ADHD, Growing Up, and Why Medication is Important

I was originally going to cover all of this in my story, but I think it needs to be covered sooner then I can finish writing that story. Anyways, short point first. If you’re ADHD, or ADHD with a comorbid disorder, please don’t just jump off your medication even if you think it isn’t needed. Talk to your doctor first, and listen to him/her! There are a lot off medical risks you are taking when you jump off your medication.

I was diagnosed with ADHD and depression when I was 6 and placed on medication. My parents told me that I would never outgrow my ADHD and I would be on medication for the rest of my life. They had seen the test results, the scannings of my brain, and had many doctors’ words. I didn’t get the early intervention, and I would never be completely “normal.”

I didn’t believe them. I did well academically in high school, and I found my classes to be easy. I didn’t really fidget, I didn’t really daydream, I didn’t really need any of the supports given to those with ADHD. Of course, the support I really needed was with communication skills, but there are limited programs for that. I threatened to go off my medication, and my mom threatened to kick me out of the house. That nipped any chances right there.
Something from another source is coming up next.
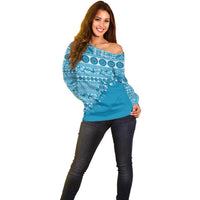 Fiji Marau na Kerisimasi Off Shoulder Sweater Aqua Tagimoucia Tapa Masi Tribal - Polynesian Pride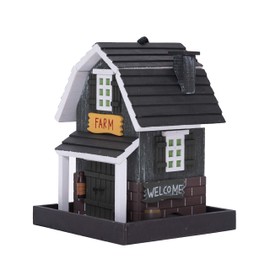 Country Cottages Colorful Hand-Painted Outdoor Decorative Wooden Bird House&Bird Feeder (B)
Then I started college. I started dating a college boy, and I was in LOVE. He was terrible, abusive, and will be talked about more in another post. He also firmly believed ADHD was only a childhood disorder, and I had outgrown it. He got me to stop taking my medication. I believed him. After all, I didn’t have the symptoms of ADHD anymore. I wasn’t hyper. I was normal…clearly, it was just how my parents raised me after all, as this man of my dreams insisted.

That led up to a relapse of mono for me (I have gotten it around 6 times). This is why I didn’t realize how horrible going off of Zoloft could be (as I decided to ditch that as well). We will hit on that shortly, don’t fret. Come December, I had a traumatic experience, I was freed from mono, and I had also broken up with the boyfriend.

And I was still off my medication. I had gone to college with my life savings, and I had spent it all. I found a method that worked for the rest of December though. I’d go out every night, get hammered, smoke some weed, then come back to the room and study. I somehow passed my first semester of college.

I went home for my winter break, and my parents forced me back onto my medication. Somehow they could tell. I continued to take them like a good girl until my junior year of college. I felt like I was at a place where I didn’t need medication anymore, and I was worried I had a dependency on them. I decided to cut the dose of Ritalin I was on, and just to stop taking the dose of Zoloft entirely.

It was great for about three weeks. I had to work a little harder at not crying, but it was spring, and I was free of Zoloft! Then my world crashed. I stopped going to classes, I stopped getting out of bed…I just didn’t want to deal with the suffering anymore. It wasn’t even like a depressed slump, it was worse.

When I tried to get out of bed, the world would spin. It was like a old film, random black spots would consume over me, flickering past my eyes. I felt like gravity was sucking me into the ground. Every time I took a step, it felt like I had a spring in my step, but yet I was still being sucked to the ground. I felt empty and foggy. And I felt like I couldn’t think. It was the weirdest and worst sensation.

One of my friends started me right back up on the full dose of both my Ritalin and my Zoloft. I’m not sure if this was the right approach (I should have called my doctor!). I was okay, but the Ritalin had lessen with it’s helpfulness.

I then managed to complete college…get a job…get a new, better job…then I realized. My Ritalin hadn’t be working for a couple years. With my poor Ritalin taking habits, I had developed an immunity towards it’s effectiveness. I was then switched to Straterra (did horrible there, fell apart completely), and then to Adderall, which is what I take now.

It was a hard lesson. Perhaps I felt around the age of 20 I should have outgrown my ADHD. Perhaps I wanted to get rid of the dreary tasks associated with taking medication (getting scripts filled, taking the medicine). Perhaps I just wanted a breathe of what it was like to not have that life…to be normal. Perhaps I just couldn’t get into a good schedule with my meds.

Taking medication isn’t fun, especially medication for brain disorders (I am including both ADHD and mental illnesses here). They help, but they don’t cure. It’s not going to be something you take for 5 days and find you are all better. I’m not saying life without medication isn’t possible, it is very possible. Just make sure you are following the directions of your doctor.

What I’m tell you is not to mess around with your medication without the assistance of your doctor. Don’t just stop taking your medication, it will harm you, even if you feel fine at first. It’s not worth the pain. Do it with the help of your doctor.